There’s a time and a season, we have all been taught. A time to rise up, and a time to lay down and rest. From the moment of our birth, time and order of life are instilled in us.
I was contemplating this morning on a compliment given to me, about how contented and peaceful our homestead is; it truly is. I was thinking of the reasons why this would be, and I was brought to the phrase, there’s a time and season for all things under the sun.
From the beginning of the Heart of the BottomsUp 2/3 Acre there have been routines set. These basic routines have been set long before we arrived here though. The seasons have ruled the time for the obvious activities to take place. There’s a time to plant, and a time to harvest. There’s a time to mow the lawn, and a time to shovel the drive. Even the animals have been given internal times to know what to do, when. By paying close attention, and sticking to their internal clocks as close as possible, we form a routine that pleases all.

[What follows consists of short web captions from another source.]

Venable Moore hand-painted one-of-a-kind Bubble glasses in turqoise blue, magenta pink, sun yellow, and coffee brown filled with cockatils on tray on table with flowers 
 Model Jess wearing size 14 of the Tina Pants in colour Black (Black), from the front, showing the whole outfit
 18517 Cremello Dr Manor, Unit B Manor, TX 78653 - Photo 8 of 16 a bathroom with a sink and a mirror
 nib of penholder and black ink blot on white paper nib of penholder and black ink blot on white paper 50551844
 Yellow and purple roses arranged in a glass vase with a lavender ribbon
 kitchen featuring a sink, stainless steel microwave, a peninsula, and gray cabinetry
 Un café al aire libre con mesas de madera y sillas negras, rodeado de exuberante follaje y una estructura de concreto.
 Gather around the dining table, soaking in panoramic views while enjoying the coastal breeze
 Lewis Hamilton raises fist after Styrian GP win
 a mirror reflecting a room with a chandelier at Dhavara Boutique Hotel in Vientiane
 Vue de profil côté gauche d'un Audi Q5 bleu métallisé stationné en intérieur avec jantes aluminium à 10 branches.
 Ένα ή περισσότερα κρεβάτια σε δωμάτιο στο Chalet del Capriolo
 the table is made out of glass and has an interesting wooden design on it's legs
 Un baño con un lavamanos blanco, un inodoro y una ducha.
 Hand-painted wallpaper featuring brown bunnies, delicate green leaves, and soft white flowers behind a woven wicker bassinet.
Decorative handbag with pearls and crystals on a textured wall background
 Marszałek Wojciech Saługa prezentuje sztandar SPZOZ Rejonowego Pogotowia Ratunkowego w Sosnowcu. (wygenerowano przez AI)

It’s the same for all. From humans to animals we are all governed by time and seasons. To quote Benjamin Franklin, “ There’s a time and place for everything.” Having a time and place for everything, pretty much rules out chaos. A very powerful word that can bring some very disastrous results to your surrounding.
George Santayana an American philosopher, essayist, poet, and novelist, describe chaos well, “Chaos is a name for any order that produces confusion in our minds.” Understanding this can easily explain why with the establishment of routines both humans and animals thrive well, and thrive with contentment, as well as in peace together.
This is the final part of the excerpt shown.